Divorziati e risposati: la Chiesa è anche la loro casa (5/5)

I divorziati risposati a volte sentono dire che nella loro condizione la decisione di accostarsi o meno alla comunione eucaristica dovrebbe essere lasciata alla loro coscienza personale. Questa è un’affermazione che si fonda su un concetto problematico di “coscienza” ed è già stata respinta dalla Lettera della Congregazione per la dottrina della fede circa la recezione della comunione eucaristica da parte dei fedeli divorziati risposati del 1994.

Non basta infatti avere la convinzione soggettiva che il proprio matrimonio non sia valido, per poter essere in comunione e fare la comunione. Il matrimonio non riguarda solo il rapporto tra due persone e Dio, ma è anche una realtà della Chiesa, in quanto sacramento, sulla cui validità è tenuta a decidere essa stessa, nella quale ciascun fedele è incorporato mediante la fede e il battesimo. La recezione di nessun sacramento, infatti, si può basare su ragioni interiori. Ci vogliono disposizioni oggettive per poter essere in comunione e non soltanto la buona volontà personale, che sempre è disposta in qualche misura ad auto-assolversi.

Certo è che la mentalità contemporanea si pone alquanto in contrasto con la comprensione cristiana del matrimonio indissolubile e aperto alla vita. Poiché molti cristiani sono influenzati da questa mentalità, è molto probabile che oggigiorno, rispetto al passato, siano numerosi i matrimoni celebrati invalidi, a causa di una mancata comprensione del significato reale di quanto si compie e di un’appartenenza ridotta a un contesto vitale di fede vissuta che può sostenere il cammino dei nubendi prima e degli sposi poi. Pertanto, una verifica della validità del matrimonio è sempre importante. Tuttavia, questa non può essere condotta che dalla competente autorità giudiziaria ecclesiastica.

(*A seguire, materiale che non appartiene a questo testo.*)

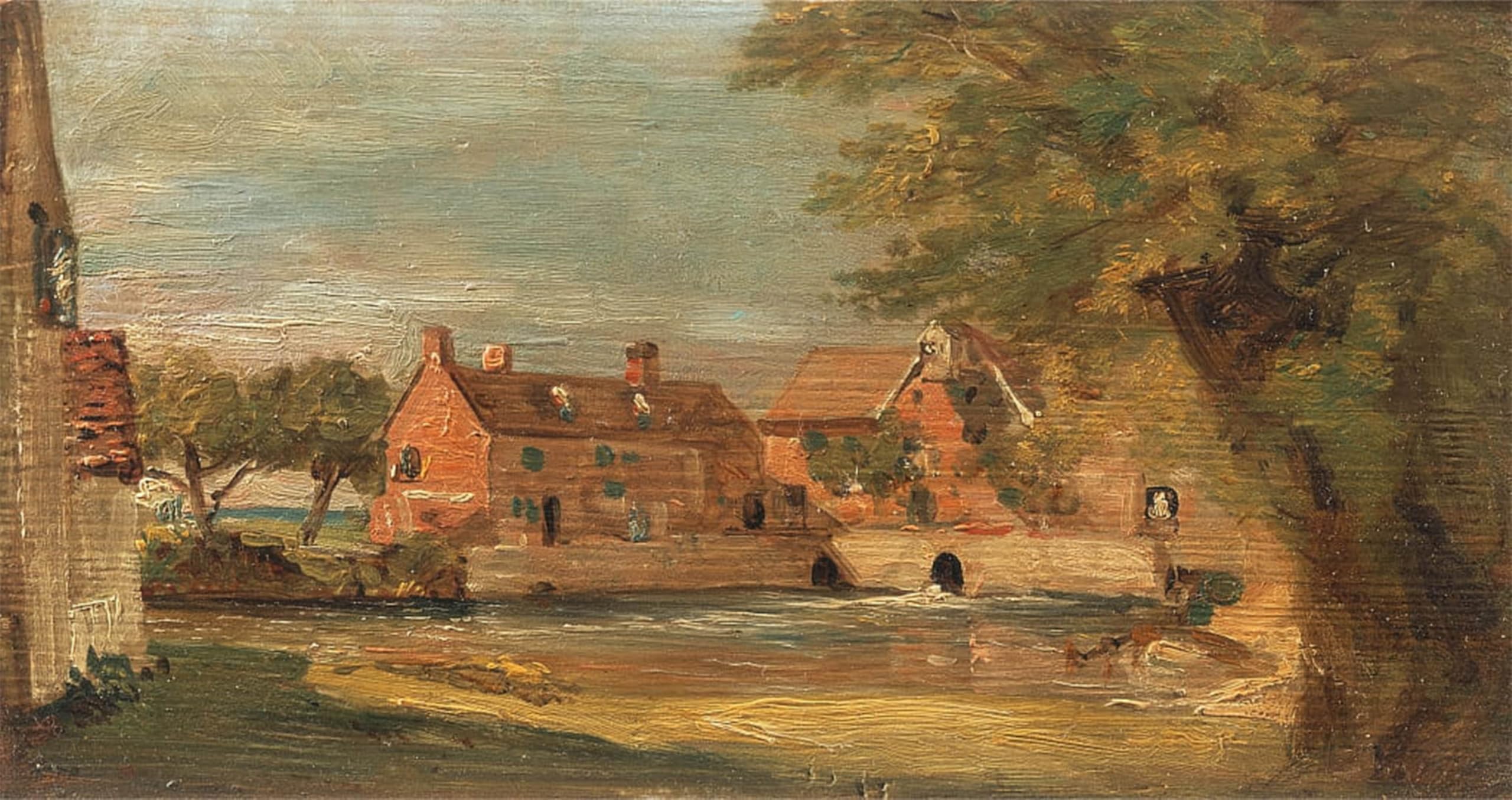 ARTXLXXBN Famous Painting Art Wall Decor Abstract Art Picture Mill Between by John Constable Animal Pictures for Home Decor 60x90cm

Un altro atteggiamento sbagliato da adottare è quello secondo il quale da una legge si può derogare, perché essa vale sì in termini generali, ma non sempre l’azione umana vi può corrispondere totalmente. Un tale atteggiamento non può essere assunto dai divorziati risposati per poter fare la comunione, perché l’indissolubilità del matrimonio sacramentale è una norma di diritto divino, confermata personalmente da Gesù, e non può essere mutata da alcuno.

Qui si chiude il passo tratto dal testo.